**Provided data:**
┄┄┄┄┄┄┄┄┄┄

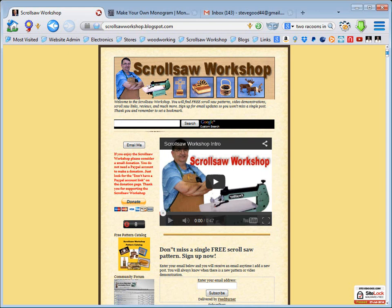Hi guys, Steve Goode here with the ScrollSaw Workshop. I'm going to show you a website I found while browsing around in Google today. It has absolutely nothing to do with the scroll saw, but they do have a little utility that I think a lot of scroll saw users might find useful.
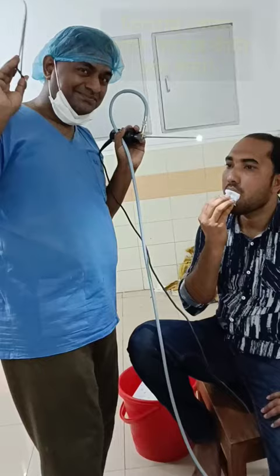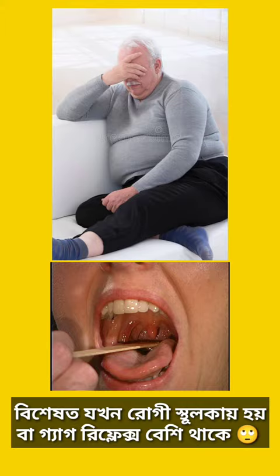Removing a foreign body, especially a fish bone from the base of the tongue, is sometimes a little tricky — especially when the patient is very obese or has a huge gag reflex.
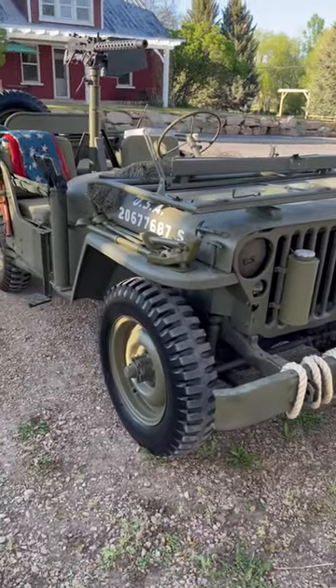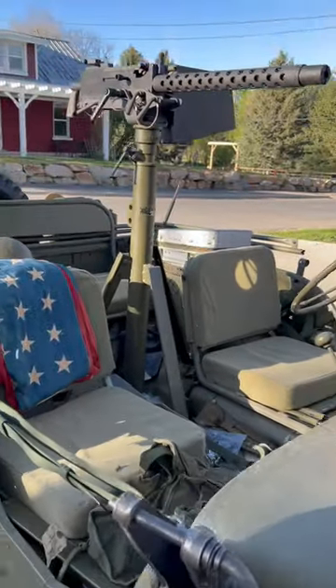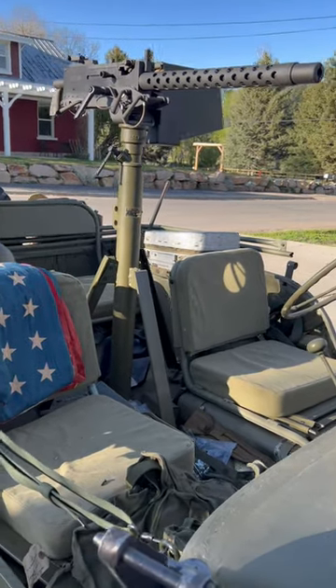All right guys, we've done a lot of updates to the Jeep recently. We got the Browning 1919A4 mounted on there. It does fire, so follow us on YouTube — we're going to be posting some stuff on there.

┄┄┄┄┄┄┄┄┄┄

**Description of the task:** The answer should be the full material above, printed exactly, with no pictures in it.

**Solved exercise:**
Hi guys, Steve Goode here with the ScrollSaw Workshop. I'm going to show you a website I found while browsing around in Google today. It has absolutely nothing to do with the scroll saw, but they do have a little utility that I think a lot of scroll saw users might find useful.
Removing a foreign body, especially a fish bone from the base of the tongue, is sometimes a little tricky — especially when the patient is very obese or has a huge gag reflex.
All right guys, we've done a lot of updates to the Jeep recently. We got the Browning 1919A4 mounted on there. It does fire, so follow us on YouTube — we're going to be posting some stuff on there.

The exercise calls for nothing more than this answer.